0
0
Pandasdata~5 mins

Interpolation for missing values in Pandas

Choose your learning style9 modes available
Introduction

Interpolation helps fill in missing data points by estimating values between known data. This keeps your data complete and useful for analysis.

You have a time series with some missing days and want to estimate the missing values.
Your sensor data has gaps and you want to smooth out the missing readings.
You want to fill missing values in a dataset before running calculations or machine learning.
You want to create a continuous line in a plot even if some data points are missing.
Syntax
Pandas
DataFrame.interpolate(method='linear', axis=0, limit=None, inplace=False, limit_direction='forward', limit_area=None, downcast=None, **kwargs)

method chooses how to estimate missing values (default is 'linear').

inplace=True changes the original data, otherwise it returns a new DataFrame.

Examples
Fill missing values using linear interpolation along columns (default).
Pandas
df.interpolate()
Use time-based interpolation if the index is datetime.
Pandas
df.interpolate(method='time')
Use polynomial interpolation of order 2 for smoother estimates.
Pandas
df.interpolate(method='polynomial', order=2)
Fill up to 2 consecutive missing values going backward.
Pandas
df.interpolate(limit=2, limit_direction='backward')
Sample Program

This code creates a small table with missing temperatures on days 2 and 3. Then it fills those missing values by estimating numbers between the known temperatures on days 1 and 4 using linear interpolation.

Pandas
import pandas as pd
import numpy as np

# Create sample data with missing values
data = {'Day': [1, 2, 3, 4, 5], 'Temperature': [22.0, np.nan, np.nan, 28.0, 30.0]}
df = pd.DataFrame(data)

print('Original DataFrame:')
print(df)

# Interpolate missing values linearly
df_interpolated = df['Temperature'].interpolate()

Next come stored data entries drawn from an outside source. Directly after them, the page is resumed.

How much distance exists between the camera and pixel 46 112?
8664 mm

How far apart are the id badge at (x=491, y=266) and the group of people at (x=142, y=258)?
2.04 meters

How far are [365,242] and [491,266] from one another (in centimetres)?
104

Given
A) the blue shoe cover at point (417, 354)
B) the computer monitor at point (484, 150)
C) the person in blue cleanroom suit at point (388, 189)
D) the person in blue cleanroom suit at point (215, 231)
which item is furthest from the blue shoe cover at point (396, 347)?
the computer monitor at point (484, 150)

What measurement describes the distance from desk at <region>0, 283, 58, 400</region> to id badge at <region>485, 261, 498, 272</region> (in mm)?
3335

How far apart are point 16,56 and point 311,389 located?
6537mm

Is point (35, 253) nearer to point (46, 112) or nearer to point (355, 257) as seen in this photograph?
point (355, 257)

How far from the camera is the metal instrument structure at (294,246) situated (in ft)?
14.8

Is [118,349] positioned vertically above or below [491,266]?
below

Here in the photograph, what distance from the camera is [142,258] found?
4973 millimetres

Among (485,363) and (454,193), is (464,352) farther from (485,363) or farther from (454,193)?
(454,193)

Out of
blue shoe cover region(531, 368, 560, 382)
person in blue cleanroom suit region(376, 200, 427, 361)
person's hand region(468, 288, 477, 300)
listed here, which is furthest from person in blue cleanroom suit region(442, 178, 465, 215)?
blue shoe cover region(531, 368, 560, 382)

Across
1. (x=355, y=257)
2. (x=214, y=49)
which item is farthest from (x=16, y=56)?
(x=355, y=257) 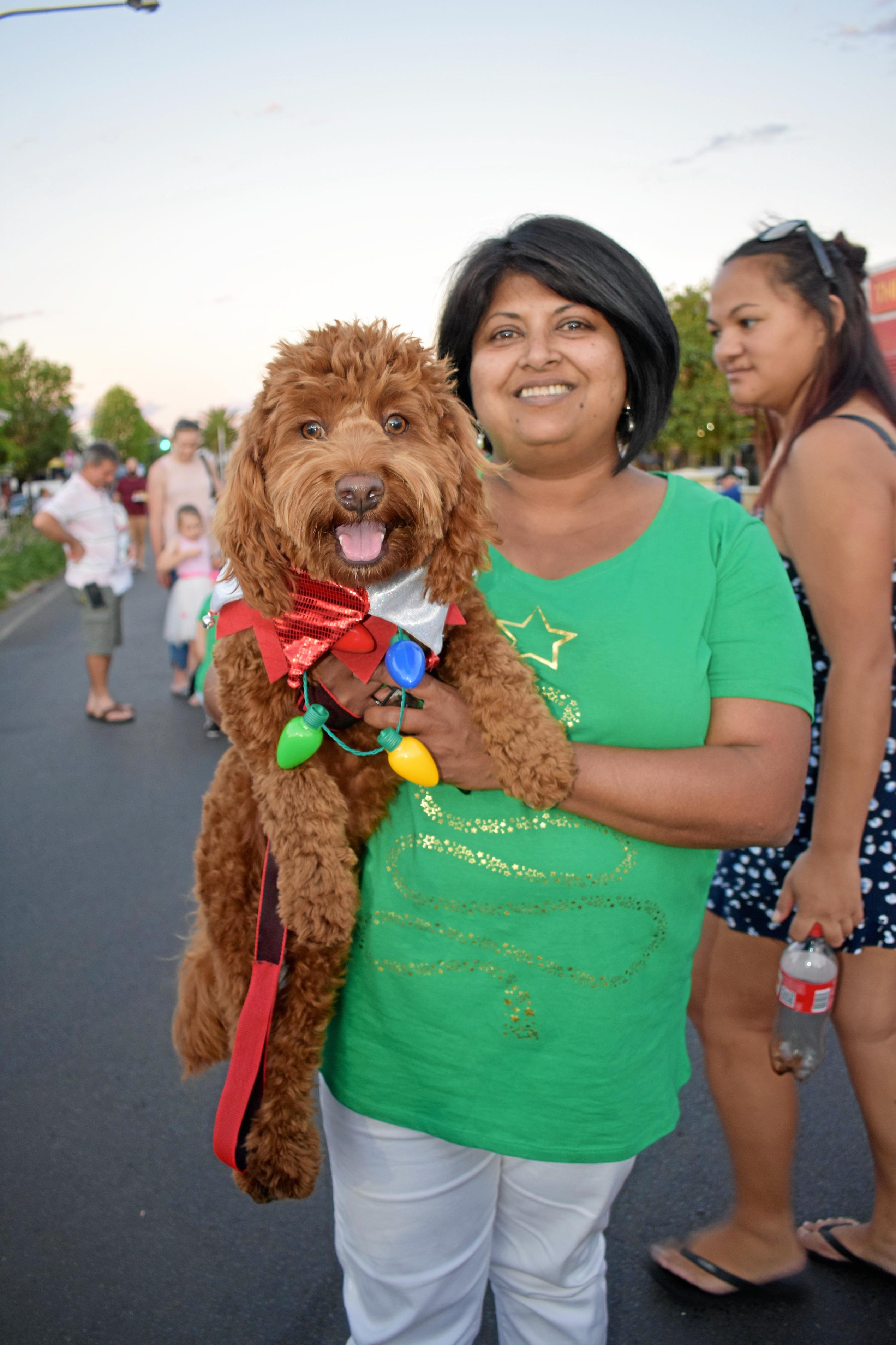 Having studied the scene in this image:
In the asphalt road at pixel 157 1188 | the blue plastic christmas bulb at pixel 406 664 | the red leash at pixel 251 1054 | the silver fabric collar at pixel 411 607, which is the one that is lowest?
the asphalt road at pixel 157 1188

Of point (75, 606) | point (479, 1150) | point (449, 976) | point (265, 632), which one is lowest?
point (75, 606)

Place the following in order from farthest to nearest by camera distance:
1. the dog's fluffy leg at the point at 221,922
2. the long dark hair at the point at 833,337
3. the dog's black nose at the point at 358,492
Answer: the long dark hair at the point at 833,337 → the dog's fluffy leg at the point at 221,922 → the dog's black nose at the point at 358,492

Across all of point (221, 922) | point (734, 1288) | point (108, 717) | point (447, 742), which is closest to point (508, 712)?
point (447, 742)

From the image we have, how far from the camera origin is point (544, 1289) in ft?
6.13

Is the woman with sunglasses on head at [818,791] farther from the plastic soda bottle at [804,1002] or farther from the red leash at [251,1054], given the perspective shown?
the red leash at [251,1054]

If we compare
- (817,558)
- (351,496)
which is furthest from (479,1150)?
(817,558)

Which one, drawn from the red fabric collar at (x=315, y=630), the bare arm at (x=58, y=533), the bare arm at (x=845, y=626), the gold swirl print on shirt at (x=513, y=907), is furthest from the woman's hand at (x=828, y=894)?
the bare arm at (x=58, y=533)

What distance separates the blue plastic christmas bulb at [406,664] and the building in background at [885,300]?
15.8 metres

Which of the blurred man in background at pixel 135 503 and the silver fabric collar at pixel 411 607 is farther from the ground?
the silver fabric collar at pixel 411 607

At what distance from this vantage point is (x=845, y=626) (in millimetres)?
2260

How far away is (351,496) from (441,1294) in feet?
4.87

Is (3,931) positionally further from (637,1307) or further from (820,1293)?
(820,1293)

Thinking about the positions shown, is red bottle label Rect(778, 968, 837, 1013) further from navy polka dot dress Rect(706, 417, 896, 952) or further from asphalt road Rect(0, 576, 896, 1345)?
asphalt road Rect(0, 576, 896, 1345)

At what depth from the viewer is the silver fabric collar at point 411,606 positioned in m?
1.79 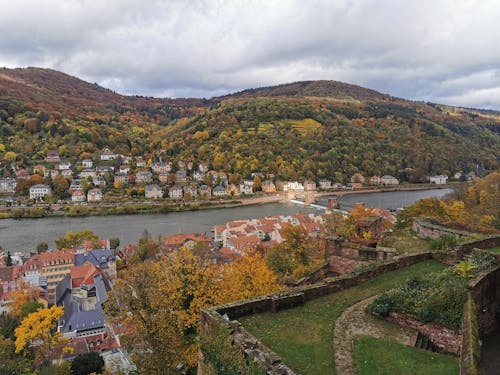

df['Temperature'] = df_interpolated

print('\nDataFrame after interpolation:')
print(df)
OutputSuccess
Important Notes

Interpolation only fills missing values between existing data points, not at the start or end if missing.

Choosing the right method depends on your data type and pattern.

Always check the results to make sure interpolation makes sense for your data.

Summary

Interpolation estimates missing values using nearby known data.

Use DataFrame.interpolate() with different methods like linear or time.

It helps keep data complete for better analysis and visualization.